PROVIDED RECORDS below:

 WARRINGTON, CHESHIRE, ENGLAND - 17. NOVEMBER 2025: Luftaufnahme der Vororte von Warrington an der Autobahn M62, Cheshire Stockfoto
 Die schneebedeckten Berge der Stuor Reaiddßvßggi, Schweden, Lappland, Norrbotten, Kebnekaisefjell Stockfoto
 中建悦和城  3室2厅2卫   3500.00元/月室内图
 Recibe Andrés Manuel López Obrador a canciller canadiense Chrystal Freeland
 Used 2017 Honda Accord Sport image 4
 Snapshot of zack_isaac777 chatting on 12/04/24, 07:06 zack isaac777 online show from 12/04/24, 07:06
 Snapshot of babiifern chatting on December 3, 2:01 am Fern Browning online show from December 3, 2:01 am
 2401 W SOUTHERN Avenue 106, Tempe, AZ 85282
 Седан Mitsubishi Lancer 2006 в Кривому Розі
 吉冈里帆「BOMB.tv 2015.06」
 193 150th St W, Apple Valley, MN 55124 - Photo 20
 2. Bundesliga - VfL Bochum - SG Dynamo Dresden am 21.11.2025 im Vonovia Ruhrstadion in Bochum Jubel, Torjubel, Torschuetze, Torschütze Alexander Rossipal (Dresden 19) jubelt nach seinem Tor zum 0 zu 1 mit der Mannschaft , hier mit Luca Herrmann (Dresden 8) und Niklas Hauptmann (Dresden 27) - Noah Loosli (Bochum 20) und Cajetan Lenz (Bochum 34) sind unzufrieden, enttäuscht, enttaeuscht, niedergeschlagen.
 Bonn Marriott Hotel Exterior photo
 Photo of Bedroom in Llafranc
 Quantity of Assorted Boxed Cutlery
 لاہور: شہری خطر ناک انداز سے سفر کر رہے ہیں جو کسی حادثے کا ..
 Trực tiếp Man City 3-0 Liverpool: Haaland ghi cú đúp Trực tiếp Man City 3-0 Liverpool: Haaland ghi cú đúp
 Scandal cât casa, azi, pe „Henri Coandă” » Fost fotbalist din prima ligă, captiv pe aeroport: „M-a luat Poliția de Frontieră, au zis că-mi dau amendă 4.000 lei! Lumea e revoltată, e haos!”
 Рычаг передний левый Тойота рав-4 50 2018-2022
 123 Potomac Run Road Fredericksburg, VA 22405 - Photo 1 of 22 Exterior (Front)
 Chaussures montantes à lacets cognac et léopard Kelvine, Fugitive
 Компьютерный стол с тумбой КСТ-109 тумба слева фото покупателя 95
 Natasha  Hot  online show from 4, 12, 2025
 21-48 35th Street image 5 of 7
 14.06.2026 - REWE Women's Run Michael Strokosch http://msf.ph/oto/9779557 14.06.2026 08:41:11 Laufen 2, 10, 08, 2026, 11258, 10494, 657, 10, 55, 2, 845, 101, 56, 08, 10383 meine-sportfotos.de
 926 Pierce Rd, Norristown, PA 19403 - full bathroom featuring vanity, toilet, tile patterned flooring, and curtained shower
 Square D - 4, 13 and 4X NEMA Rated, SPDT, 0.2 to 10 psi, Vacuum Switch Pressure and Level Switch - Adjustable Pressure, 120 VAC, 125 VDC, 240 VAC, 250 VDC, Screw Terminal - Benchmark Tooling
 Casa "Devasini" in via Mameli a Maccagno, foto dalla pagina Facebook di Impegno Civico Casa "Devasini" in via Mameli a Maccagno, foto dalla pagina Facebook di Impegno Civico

End of PROVIDED RECORDS.

**ACTIVITY**.
What you return should be the lines from the beginning of the records through the one that contains "Photo of Bedroom in Llafranc", repeated exactly and with no additions.

**SOLUTION BELOW**.
 WARRINGTON, CHESHIRE, ENGLAND - 17. NOVEMBER 2025: Luftaufnahme der Vororte von Warrington an der Autobahn M62, Cheshire Stockfoto
 Die schneebedeckten Berge der Stuor Reaiddßvßggi, Schweden, Lappland, Norrbotten, Kebnekaisefjell Stockfoto
 中建悦和城  3室2厅2卫   3500.00元/月室内图
 Recibe Andrés Manuel López Obrador a canciller canadiense Chrystal Freeland
 Used 2017 Honda Accord Sport image 4
 Snapshot of zack_isaac777 chatting on 12/04/24, 07:06 zack isaac777 online show from 12/04/24, 07:06
 Snapshot of babiifern chatting on December 3, 2:01 am Fern Browning online show from December 3, 2:01 am
 2401 W SOUTHERN Avenue 106, Tempe, AZ 85282
 Седан Mitsubishi Lancer 2006 в Кривому Розі
 吉冈里帆「BOMB.tv 2015.06」
 193 150th St W, Apple Valley, MN 55124 - Photo 20
 2. Bundesliga - VfL Bochum - SG Dynamo Dresden am 21.11.2025 im Vonovia Ruhrstadion in Bochum Jubel, Torjubel, Torschuetze, Torschütze Alexander Rossipal (Dresden 19) jubelt nach seinem Tor zum 0 zu 1 mit der Mannschaft , hier mit Luca Herrmann (Dresden 8) und Niklas Hauptmann (Dresden 27) - Noah Loosli (Bochum 20) und Cajetan Lenz (Bochum 34) sind unzufrieden, enttäuscht, enttaeuscht, niedergeschlagen.
 Bonn Marriott Hotel Exterior photo
 Photo of Bedroom in Llafranc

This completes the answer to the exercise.